O mais relevante na prevenção dos delitos não é a edição de leis penais novas mais severas (frequentemente desproporcionais), sim, a certeza do castigo (ver Beccaria, Dos delitos e das penas, 1764). É correta a política criminal que busca a certeza do castigo (justo e proporcional). É demagógica e populista a política criminal que ilude a população com novas leis penais mais duras, sabendo-se da sua inefetividade (por falta de estrutura material, pessoal, tecnológica etc.).

A delação premiada (regulamentada pela Lei 12.850/13) foi muito mais efetiva no combate aos delitos do colarinho branco no Brasil que todos os aumentos de pena referendados pelo legislador brasileiro (nessa área) em toda sua história. As incontáveis reformas legislativas aprovadas na era Collor, por exemplo, não representaram praticamente nada em termos de certeza do castigo.

A delação, ao contrário, revolucionou, porque ela significou uma “destruição criativa” (na linguagem de Schumpeter), ou seja, uma inovação que destrói tudo que fica obsoleto. Na delação o colaborar confessa o delito, delata terceiros e facilita a produção das provas, agilizando a investigação e o processo criminal; e tudo se faz de forma responsável, porque sem provas a delação não produz nenhum efeito jurídico e tampouco gera o prêmio negociado.

É nesse contexto chamado de “americanização da Justiça criminal” que, neste momento, se discute o novo instituto do wistleblowing (que pode ser um notável complemento revolucionário da colaboração premiada, da qual a delação constitui uma das manifestações).

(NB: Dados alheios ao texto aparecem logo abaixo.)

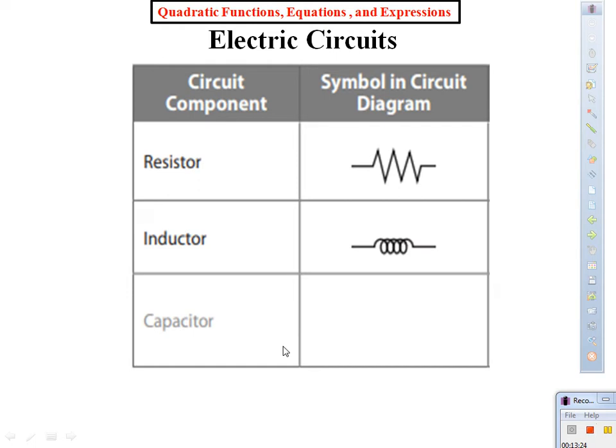Last but not least, the third component is a capacitor. It's a little cylinder — blue or silver — with two wires. What it does: energy can flow in one direction, but it stops it from coming back. It goes one direction, and when it wants to return, it stops. That's why the symbol for a capacitor shows something that blocks — like a wall. Does everybody see how it stops like that? That's why that's the symbol for a capacitor.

A diferença primeira entre a delação premiada e o wistleblowing é a seguinte: na delação o agente confessa sua participação no crime e delata terceiras pessoas. Leia-se: só cabe delação em favor de quem praticou o crime. No wistleblowing o informante de boa-fé (que alguns chamam de colaborador de boa-fé ou informante do bem) colabora com a investigação (sobretudo apresentando provas de um delito) bem como com a Justiça criminal sem ter participado do crime.

Exemplo: o funcionário de uma empresa que sabe dos crimes cometidos pelos seus dirigentes (diretores ou presidente ou funcionários) delibera colaborar com a Justiça (e apresenta uma narrativa coerente, trazendo ou indicando as provas sobre os fatos). Muitas vezes os dirigentes e funcionários estão agindo contra a própria empresa. Seguramente a regulamentação do assunto vai trazer benefícios também para elas.

A figura do informante, como se sabe, não é desconhecida da atividade investigativa policial. Denúncias anônimas acontecem diariamente. A novidade é a necessidade de criação de um estatuto jurídico do informante, garantindo-lhe direitos, deveres, responsabilidades, proteção, sigilo e até mesmo recompensas (isso já existe e está funcionando muito bem nos EUA, por exemplo).

Projeto de lei nesse sentido já foi discutido entre o MPF e o senador Ricardo Ferraço. O objetivo é facilitar a investigação do Ministério Público e da Polícia. Outro está sendo preparado pela Estratégia Nacional de Combate à Corrupção e Lavagem de Dinheiro (Encla). O deputado Onyx Lorenzoni (DEM-RS) disse que o assunto entrou no radar da Comissão Especial de Combate à Corrupção, que discute várias medidas propostas pelo Ministério Público, com apoio popular.

Trata-se, diz o deputado, da proposta sobre o chamado “informante do bem” (melhor seria chamá-lo de informante de boa-fé, que traduz uma ideia de mais responsabilidade na informação). A ideia é até oferecer recompensa para o informante que ajudar autoridades a descobrir crimes e recuperar dinheiro desviado. Quando há recuperação de recursos, ele (o informante) pode ter um prêmio porque ajudou o país. Vamos tratar desse tema aqui — disse o deputado (O Globo).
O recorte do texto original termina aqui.